Data under study:
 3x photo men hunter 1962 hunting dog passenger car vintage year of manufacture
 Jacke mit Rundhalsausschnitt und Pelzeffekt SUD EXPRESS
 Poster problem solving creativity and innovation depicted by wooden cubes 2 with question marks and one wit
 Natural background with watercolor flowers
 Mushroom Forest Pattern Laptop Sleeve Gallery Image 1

--

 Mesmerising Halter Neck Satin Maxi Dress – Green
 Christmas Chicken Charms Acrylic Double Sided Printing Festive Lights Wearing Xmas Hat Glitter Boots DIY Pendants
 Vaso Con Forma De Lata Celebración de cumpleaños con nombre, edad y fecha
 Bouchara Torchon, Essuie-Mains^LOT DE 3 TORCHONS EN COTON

Problem:
Each line in which the string "with" is found must be copied from the data.

Answer to this exercise:
 Poster problem solving creativity and innovation depicted by wooden cubes 2 with question marks and one wit
 Natural background with watercolor flowers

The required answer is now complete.